◆ **Data supplied**:
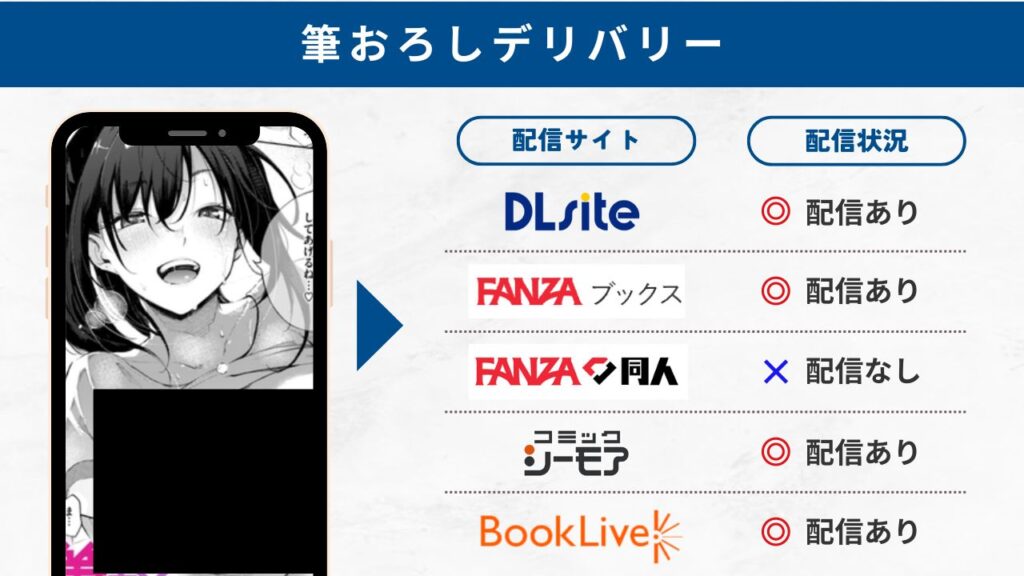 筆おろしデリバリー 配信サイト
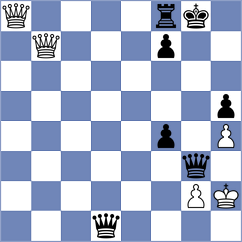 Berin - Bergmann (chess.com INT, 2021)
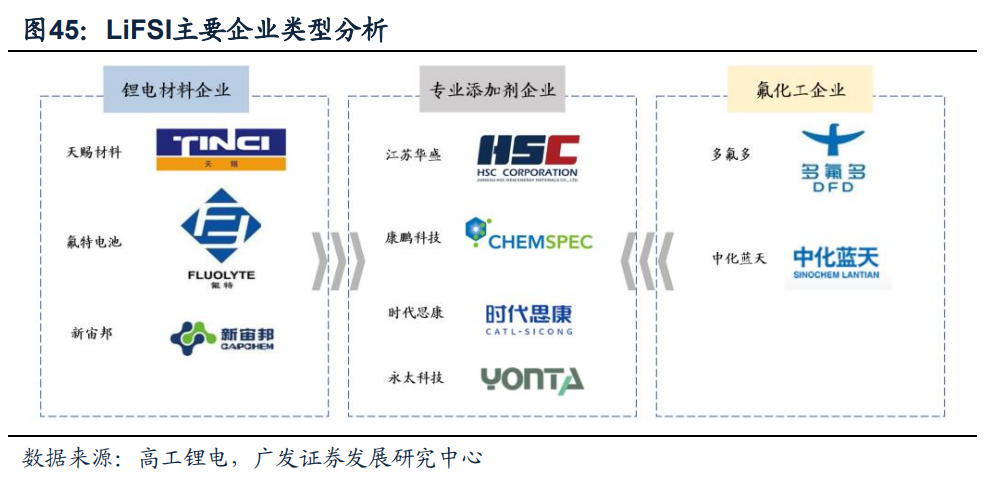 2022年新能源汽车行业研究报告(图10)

* * *

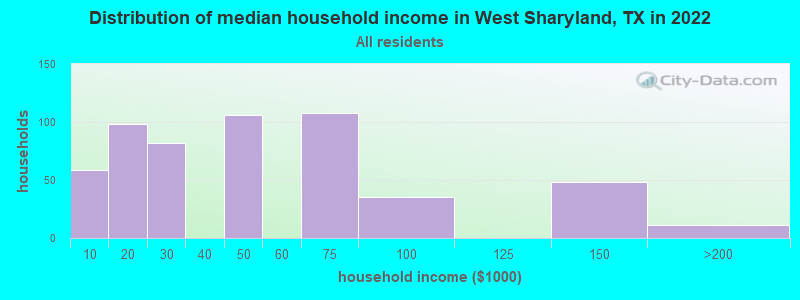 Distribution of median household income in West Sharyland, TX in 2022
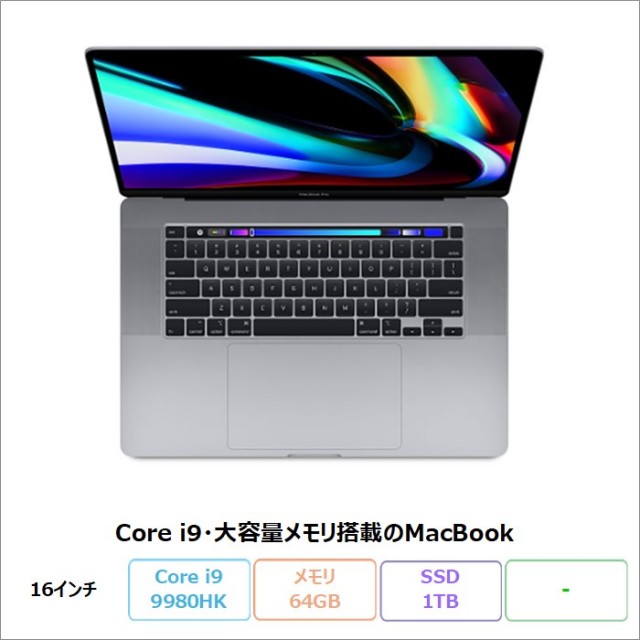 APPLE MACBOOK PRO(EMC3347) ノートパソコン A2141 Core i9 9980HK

◆ **Work to be completed**:
An exact copy of the lines above from the one with "Berin - Bergmann (chess.com INT, 2021)" up to and including the one with "2022年新能源汽车行业研究报告(图10)" is required; reproduce only those lines, omitting all pictures.

◆ **Response for this exercise**:
 Berin - Bergmann (chess.com INT, 2021)
 2022年新能源汽车行业研究报告(图10)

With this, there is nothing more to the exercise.